:: EXERCISE BRIEF ::
Return, word for word, every line starting at the line with "House removal crew" and ending at the final line of the entries; skip the pictures.

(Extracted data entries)
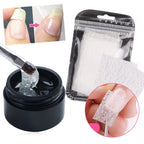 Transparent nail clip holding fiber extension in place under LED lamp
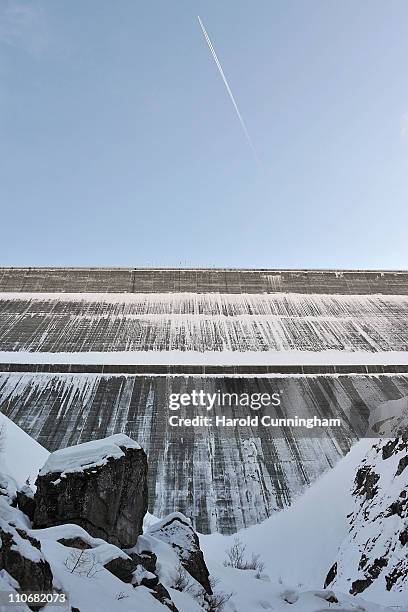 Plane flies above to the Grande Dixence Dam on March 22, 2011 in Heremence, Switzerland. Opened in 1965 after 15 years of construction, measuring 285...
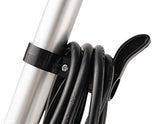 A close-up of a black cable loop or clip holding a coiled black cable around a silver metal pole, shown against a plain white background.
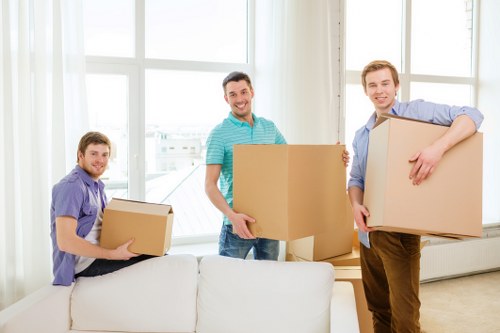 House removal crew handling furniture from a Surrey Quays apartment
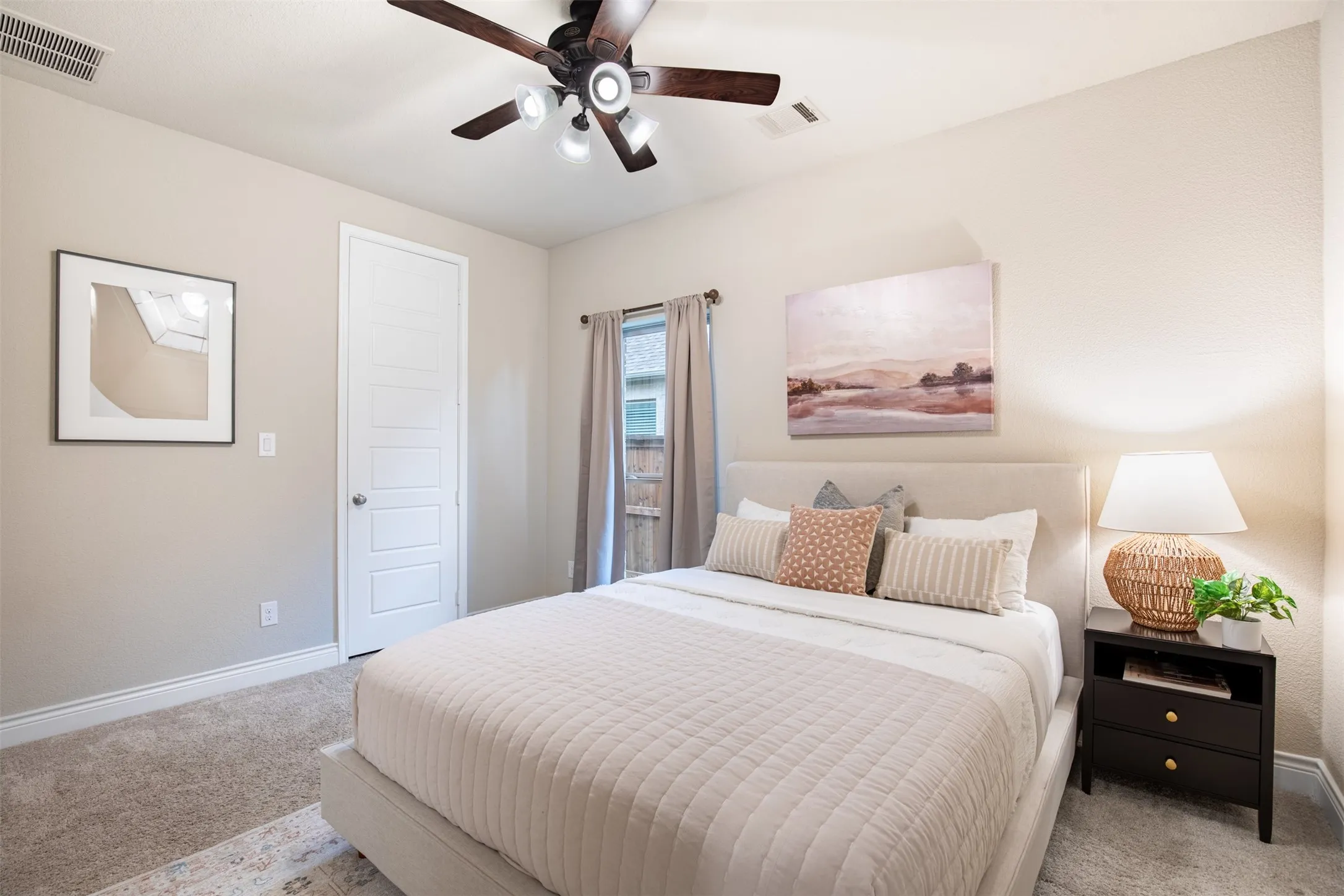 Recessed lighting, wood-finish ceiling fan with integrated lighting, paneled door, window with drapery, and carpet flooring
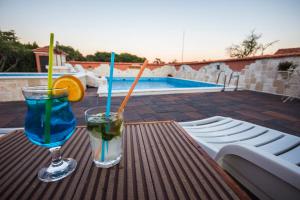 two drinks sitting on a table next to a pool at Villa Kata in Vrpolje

:: FINISHED EXERCISE ::
 House removal crew handling furniture from a Surrey Quays apartment
 Recessed lighting, wood-finish ceiling fan with integrated lighting, paneled door, window with drapery, and carpet flooring
 two drinks sitting on a table next to a pool at Villa Kata in Vrpolje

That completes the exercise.